Стрельба за компанию

Теперь мы подошли к двум другим аспектам, на которые в литературе о войне на уничтожение и Холокосте до сих пор обращалось мало внимания. Солдаты самых различных частей и званий случайно принимали участие в расстрелах, хотя они при этом не следовали приказу и формально имели мало отношения к «антиеврейским акциям». Даниэль Гольдхаген, упомянувший один из немногих до сих пор известных случаев, находит в этом аргумент тому, насколько немцы были воодушевлены уничтожительным антисемитизмом. При этом речь шла о подразделении поддержки берлинской полиции, состоявшем из музыкантов и артистов, которое в середине ноября 1942 года давало концерты на фронте и оказалось в районе Лукова, где командир 101-го резервного полицейского батальона предложил поучаствовать в расстреле во время пред-стоявшей на следующий день «антиеврейской акции». Наглому предложению пошли навстречу, и на следующий день подразделение поддержки получило самоудовлетворение, расстреливая евреев. Кристофер Браунинг упоминает тот же случай [331]. При этом вопрос состоит лишь в том, требовались ли антисемитские мотивы, чтобы, расстреливая евреев в свободное время, получать радость.

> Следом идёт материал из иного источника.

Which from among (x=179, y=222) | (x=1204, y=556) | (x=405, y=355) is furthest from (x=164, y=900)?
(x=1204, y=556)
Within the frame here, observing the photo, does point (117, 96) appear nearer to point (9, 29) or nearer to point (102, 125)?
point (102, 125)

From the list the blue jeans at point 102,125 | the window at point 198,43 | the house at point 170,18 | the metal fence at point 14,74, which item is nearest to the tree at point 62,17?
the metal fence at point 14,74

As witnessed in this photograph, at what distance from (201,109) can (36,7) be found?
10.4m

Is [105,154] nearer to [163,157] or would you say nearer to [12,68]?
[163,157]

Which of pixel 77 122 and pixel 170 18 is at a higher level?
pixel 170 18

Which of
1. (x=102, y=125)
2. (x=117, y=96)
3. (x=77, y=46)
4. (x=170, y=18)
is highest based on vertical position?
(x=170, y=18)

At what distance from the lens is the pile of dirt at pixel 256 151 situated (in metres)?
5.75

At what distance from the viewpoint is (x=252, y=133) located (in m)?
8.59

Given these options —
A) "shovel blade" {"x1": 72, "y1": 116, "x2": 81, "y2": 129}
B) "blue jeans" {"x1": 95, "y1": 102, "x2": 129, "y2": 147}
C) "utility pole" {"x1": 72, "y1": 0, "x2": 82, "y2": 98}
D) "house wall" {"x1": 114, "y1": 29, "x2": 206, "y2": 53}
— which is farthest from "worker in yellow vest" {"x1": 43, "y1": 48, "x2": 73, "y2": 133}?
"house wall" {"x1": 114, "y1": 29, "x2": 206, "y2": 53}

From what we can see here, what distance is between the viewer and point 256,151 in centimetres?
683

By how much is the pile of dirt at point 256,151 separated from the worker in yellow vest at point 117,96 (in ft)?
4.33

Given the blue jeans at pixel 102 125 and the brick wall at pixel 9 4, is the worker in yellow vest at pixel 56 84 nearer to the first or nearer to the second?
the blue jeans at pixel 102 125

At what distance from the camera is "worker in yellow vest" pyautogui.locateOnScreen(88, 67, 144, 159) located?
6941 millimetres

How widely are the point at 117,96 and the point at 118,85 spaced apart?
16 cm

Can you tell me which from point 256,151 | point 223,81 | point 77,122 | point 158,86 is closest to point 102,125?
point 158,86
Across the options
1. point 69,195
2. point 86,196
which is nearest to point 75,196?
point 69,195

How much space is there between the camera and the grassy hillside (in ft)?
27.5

Правда может быть гораздо тривиальнее. Мужчинам доставляло удовольствие попробовать что-то такое, что они никогда бы не смогли сделать в обычных обстоятельствах — познать чувство, когда кого-нибудь безнаказанно убиваешь, обладаешь полной властью делать что-то совершенно необычное, не опасаясь никаких санкций.

Это побег из возможного, который здесь представляется достаточным мотивом — то, что Гюнтер Андерс назвал «шансом безнаказанной бесчеловечности». Очевидно, что беспричинное убийство для многих людей было соблазном, которому они вряд ли могли противостоять. Достаточно, что его можно исполнить.

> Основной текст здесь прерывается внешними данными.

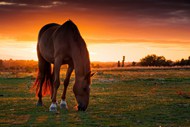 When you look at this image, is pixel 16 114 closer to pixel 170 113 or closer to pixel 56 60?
pixel 56 60

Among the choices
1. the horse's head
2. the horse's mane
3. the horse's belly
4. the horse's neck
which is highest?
the horse's mane

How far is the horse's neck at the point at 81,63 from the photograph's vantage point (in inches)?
420

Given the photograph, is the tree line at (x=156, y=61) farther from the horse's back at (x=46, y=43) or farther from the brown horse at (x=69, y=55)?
the brown horse at (x=69, y=55)

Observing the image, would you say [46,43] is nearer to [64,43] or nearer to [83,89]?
[64,43]

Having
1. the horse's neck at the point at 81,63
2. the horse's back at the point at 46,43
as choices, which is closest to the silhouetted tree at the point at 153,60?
the horse's back at the point at 46,43

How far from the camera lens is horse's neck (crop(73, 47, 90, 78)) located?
35.0 feet

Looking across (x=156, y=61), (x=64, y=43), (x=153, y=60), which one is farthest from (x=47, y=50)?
(x=153, y=60)

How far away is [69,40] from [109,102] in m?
3.35

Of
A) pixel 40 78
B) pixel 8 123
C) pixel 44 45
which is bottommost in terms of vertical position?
pixel 8 123

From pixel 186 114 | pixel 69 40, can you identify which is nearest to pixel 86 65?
pixel 69 40

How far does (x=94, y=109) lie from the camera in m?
11.3

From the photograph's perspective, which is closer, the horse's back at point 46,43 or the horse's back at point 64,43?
the horse's back at point 64,43

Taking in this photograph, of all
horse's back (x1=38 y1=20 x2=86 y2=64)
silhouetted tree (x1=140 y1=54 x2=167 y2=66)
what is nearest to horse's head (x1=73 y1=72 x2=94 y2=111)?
horse's back (x1=38 y1=20 x2=86 y2=64)

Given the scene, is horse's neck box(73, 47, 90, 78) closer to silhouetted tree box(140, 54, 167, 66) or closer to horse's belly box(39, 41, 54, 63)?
horse's belly box(39, 41, 54, 63) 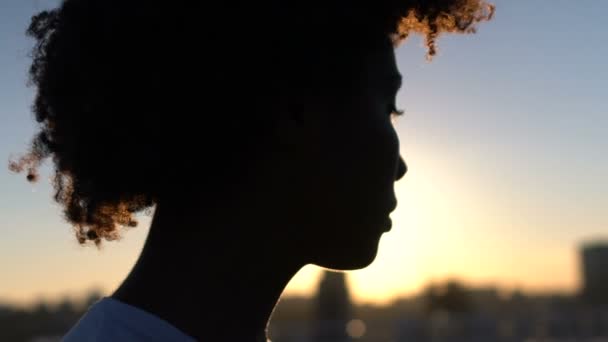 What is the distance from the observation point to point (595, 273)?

В протоколах подслушивания тоже находятся описания добровольного участия в массовых расстрелах или о предложениях, что можно вместе порасстреливать, если есть желание [332]. Эти немыслимые с сегодняшней точки зрения эпизоды дают понять, что акции по уничтожению вовсе не осуществлялись скрытно и не воспринимались с возмущением и отвращением. Наоборот, возле расстрельных ям, как вокруг арены, регулярно собирались зрители — местные жители, военнослужащие Вермахта, служащие гражданской администрации — и делали из массового уничтожения полуоткрытые представления, с упоминанием в разговорах, что они явно не планировались. Так, приказ высокопоставленного фюрера СС и полиции Эриха фон дем Бах-Зелевского от июля 1941 года специально запрещал присутствие зрителей на массовых расстрелах «…уличенных в грабеже мужчин-евреев в возрасте от 17 до 45 лет немедленно расстреливать на месте. Расстрелы осуществлять вне городов, де-ревень и проезжих дорог. Могилы сравнивать так, чтобы не могли возникать никакие места паломничества. Я запрещаю фотографирование и допуск зрите-лей на экзекуции. Места исполнения и могил не разглашать» [333].

«Несмотря на запрещающие приказы», люди разумеется, продолжали ходить на расстрелы, фотографировали, может быть, наслаждались непристойным сценарием происходящего, видом совершенно беспомощных, голых людей, особенно женщин, давали советы и подбадривали расстреливающих [334].